Same thing seems to happen with plain Data.Binary. Also, +RTS -s -RTS
is very accurate for measuring heap usage.
--
Cheers,
Lemmih
The test case is a list of ints. It doesn't seem to be related to happstack.
--
Cheers,
Lemmih
That's one frightening hat. ^_^
We aren't concerned about efficient disk encodings. It's the memory
retention we're worried about. Serializing 1,000,000 ints requires
32megs of memory (101 with GC overhead). Serializing 5,000,000 ints
requires 186megs of memory (475 with GC overhead). Serializing the
list with 'show' runs in constant space; hopefully this could be made
true for Data.Binary as well.
--
Cheers,
Lemmih
Oh darn, I'm a fool. Why do I always realize these things right after
I send the mail. Please ignore me.
--
Cheers,
Lemmih
To show that I'm not a complete idiot, here's a chunked list instance
that runs in constant space, and a "strict" list instance that
serializes the elements before writing the length of the list. The
strict list instance is a drop-in replacement for the normal list
instance and it is about 10x more memory efficient for lazy lists of
ints. It does not run in constant space, though.
The two instances obviously only use less memory when serializing lazy
data. I guess the lesson here (if there is any) is to avoid data
structures that uses 40 bytes per entry when storing objects in the
millions.
import Data.Binary
import qualified Data.Binary.Put as B
import qualified Data.ByteString.Lazy as BS
import Control.Monad
newtype ChunkedList a = ChunkedList [a]
instance Binary a ⇒ Binary (ChunkedList a) where
put (ChunkedList lst)
= worker (toChunks lst)
where worker [] = do putWord8 0
worker (x:xs) = do putWord8 1
put x
worker xs
get = liftM ChunkedList worker
where worker = do n ← getWord8
if n == 0
then do return []
else do liftM2 (:) get worker
toChunks ∷ [a] → [[a]]
toChunks [] = []
toChunks lst = take n lst : toChunks (drop n lst)
where n = 1024
newtype StrictList a = StrictList [a]
instance Binary a ⇒ Binary (StrictList a) where
put (StrictList lst)
= do let (len,bs) = B.runPutM (builder 0 lst)

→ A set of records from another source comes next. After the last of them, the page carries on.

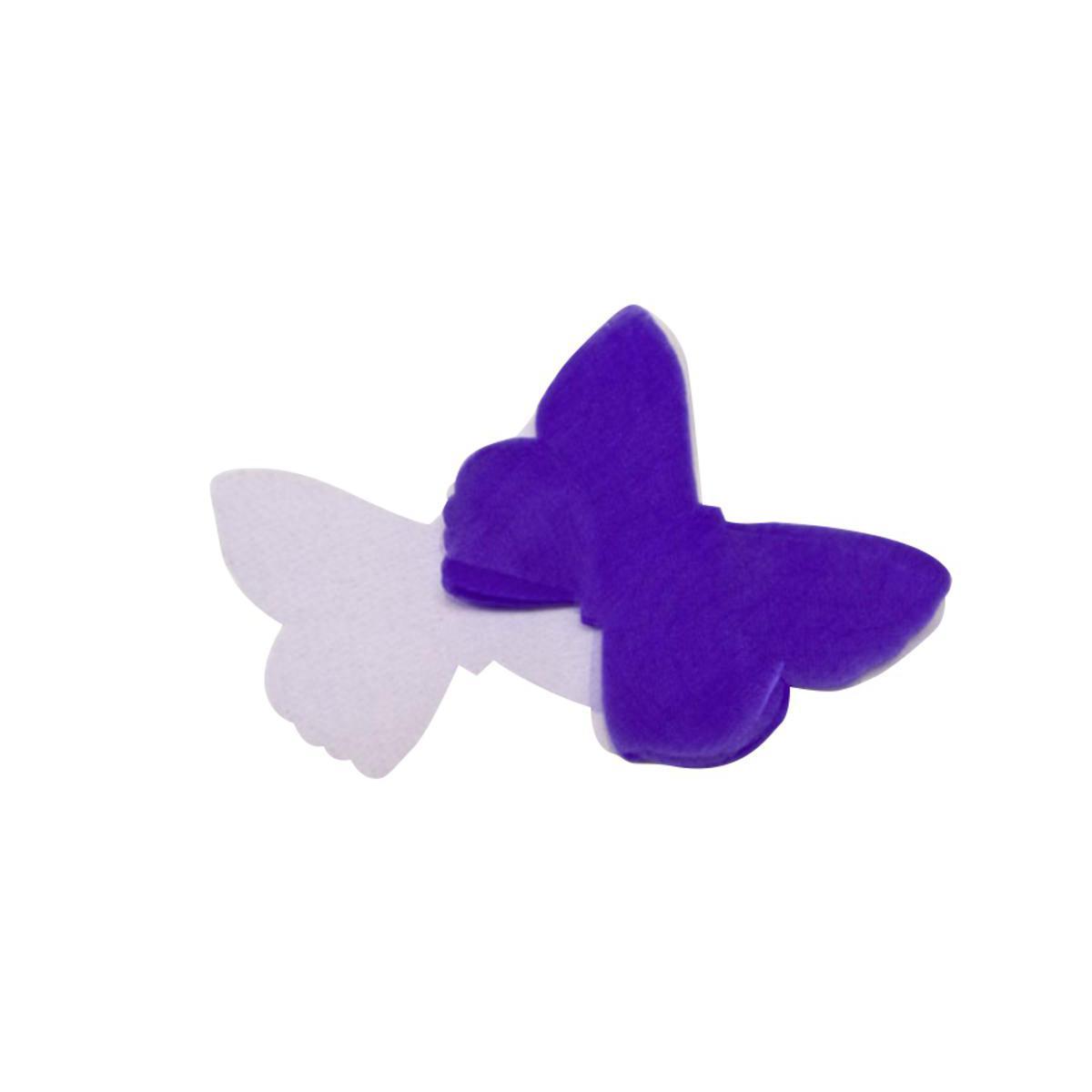 Lot de 50 papillons de décoration - Organza - 10 x 4 cm - Violet prune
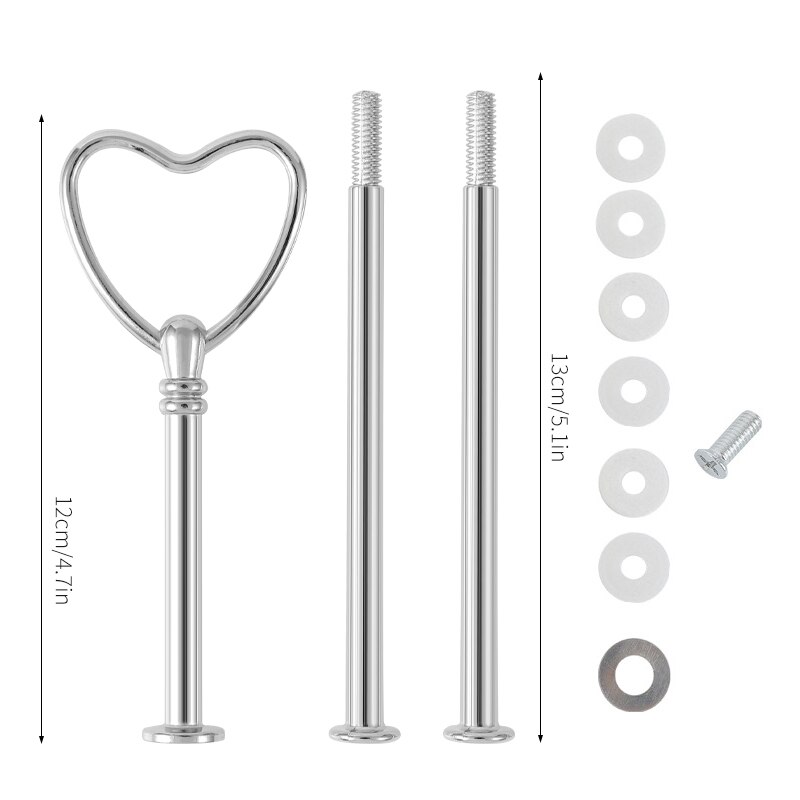 Vierkante Ronde Liefde Hartvormige Cake Drie-Layer Beugel Hars Lade Diy Siliconen Mal Coaster Epoxyhars Mal accessoires Kit: 8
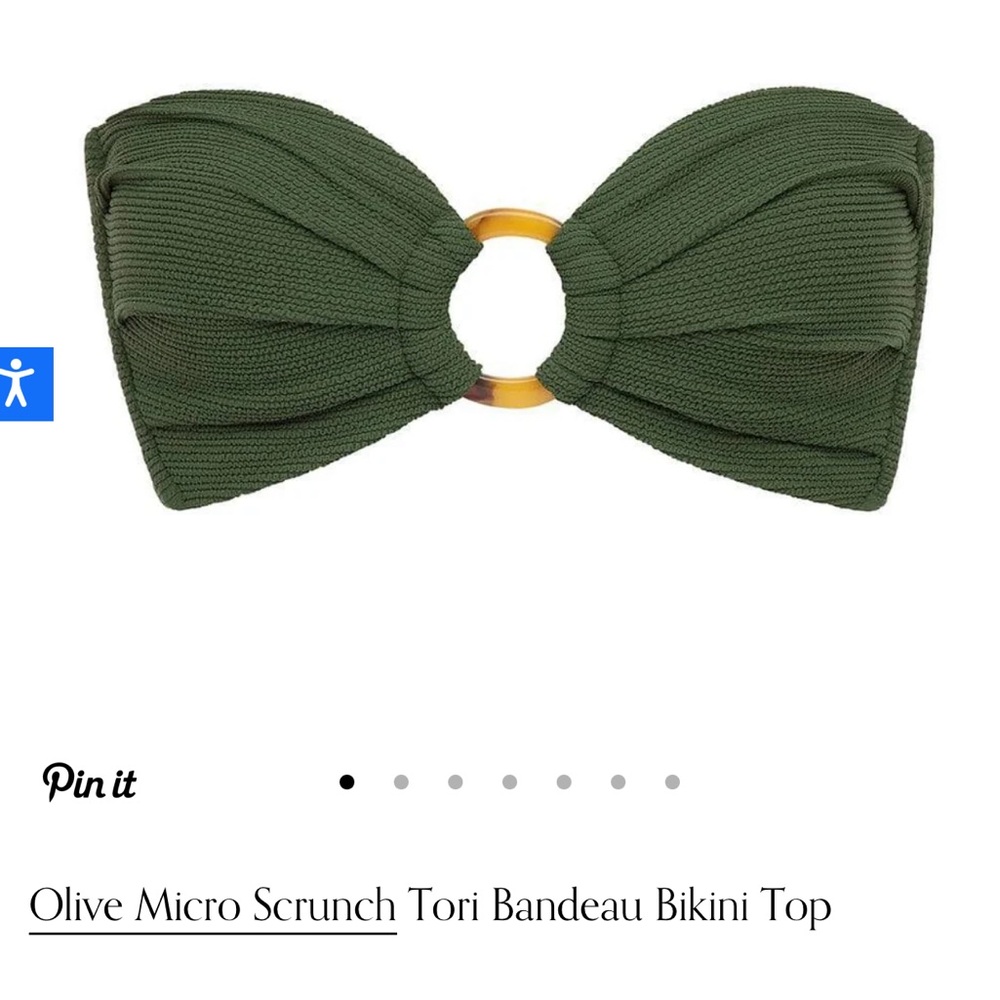 Montce Olive Micro Scrunch Tori Bandeau Bikini Top Size Small - Picture 5 of 7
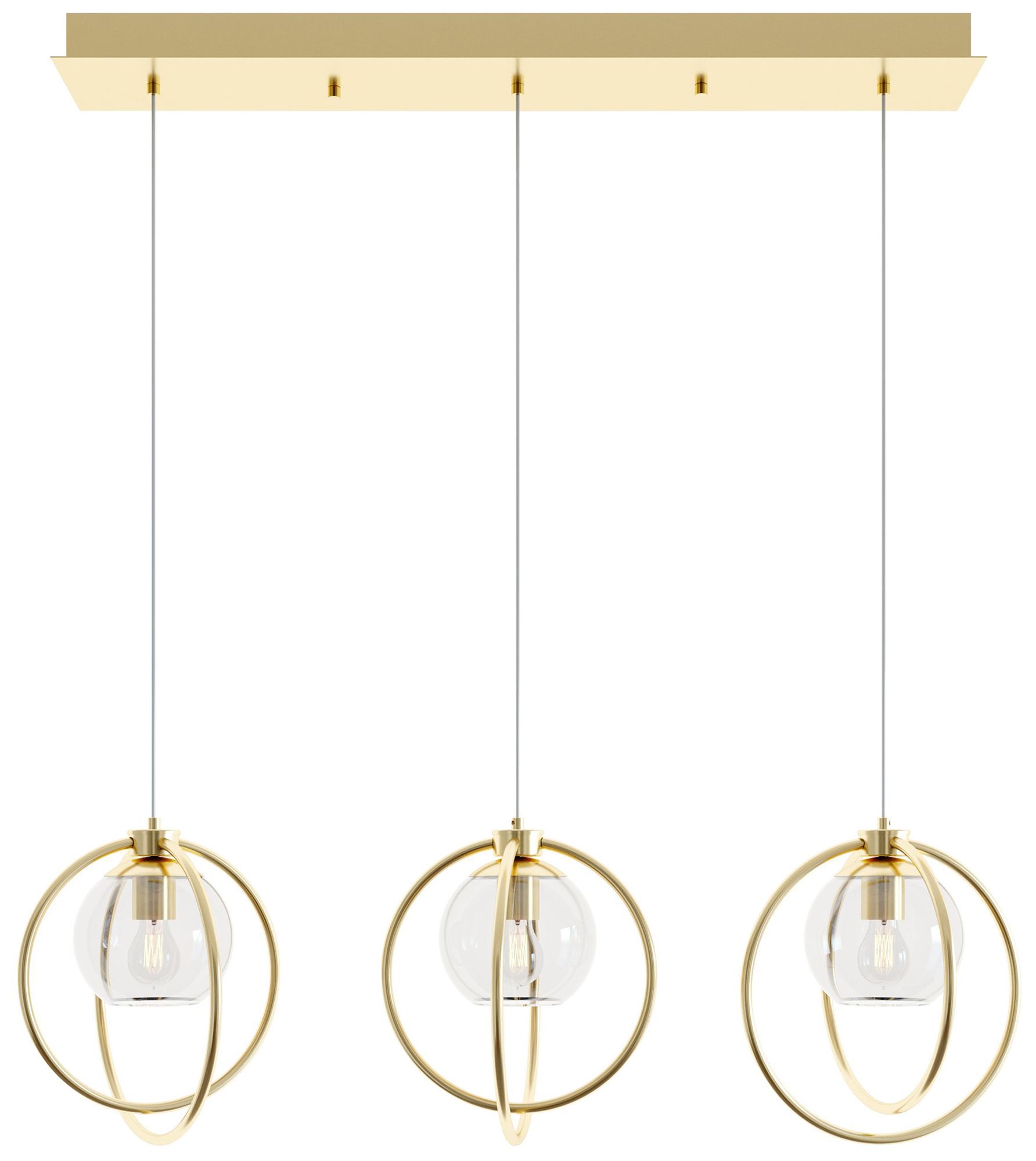 Jamie 36" 3 Light Linear Satin Brass Mini Pendant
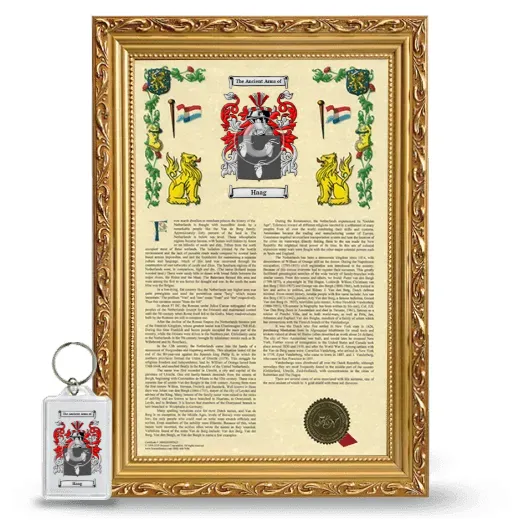 Haag Framed Armorial History and Keychain - Gold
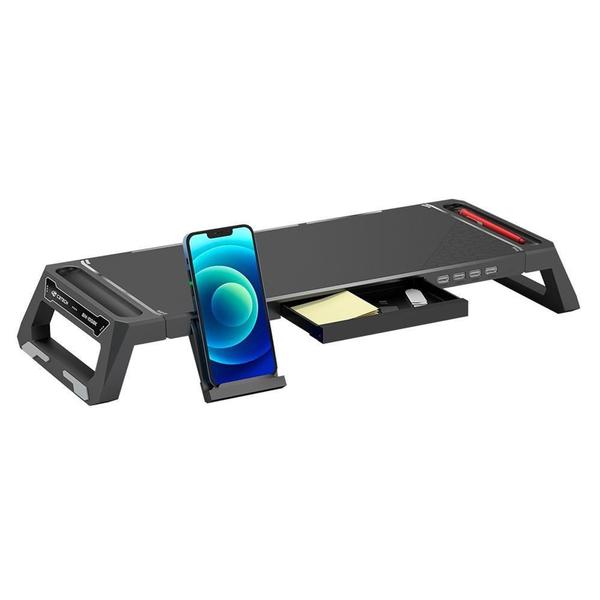 Imagem de Suporte Base para Monitor C3Tech,  4 Saídas USB 2.0, Preto - BM-100BK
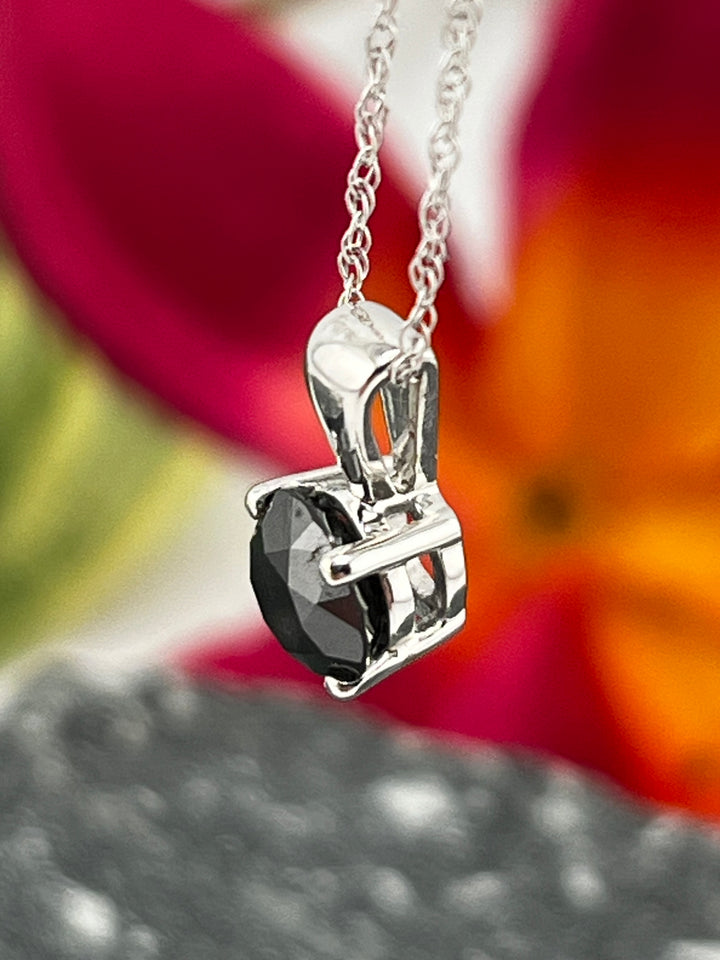 10K White Gold and Black Diamond Necklace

BS.length bs `seq` put len >> B.putLazyByteString bs
where builder !n [] = return n
builder !n (x:xs) = do put x
builder (n+1 ∷ Int) xs
get = liftM StrictList get
--
Cheers,
Lemmih
I'm happy to change the implementation of [a] serialization (as long as
we prefer on-disk format), or to add a chunked list newtype, since that
seems to be useful too.
-- Don
> I'm happy to change the implementation of [a] serialization (as long
> as we prefer on-disk format), or to add a chunked list newtype, since
> that seems to be useful too.
+1 for the newtype, changing the default list encoding will cause
headaches for people who use binary.
G.
--
Gregory Collins <gr...@gregorycollins.net>
Yeah, I agree. Of course the next question is whether we should
change IxSet to use the chunked list or create something like
Happstack.Data.IxSet.Chunked.
I have wanted this exact feature as well. For IxSet, you'd want to
see both the number of items and the total memory allocated for the
whole set. This would help in estimating the relationship between
number of items, number of indexes, and total size. The problem is
that I have no idea if such a thing is possible, let alone how you
might go about implementing it if it was.
Isn't heap profiling an option?
--
Cheers,
Lemmih
Yes, seems like a good case for heap profiling (with the per-type option
set, so allocs are broken down by type).
-- Don
Ok, I'll try this. I've done some heap profiling before, but maybe I
just wasn't using the right options.
I wrote about it here,
http://book.realworldhaskell.org/read/profiling-and-optimization.html#id678078
with some examples.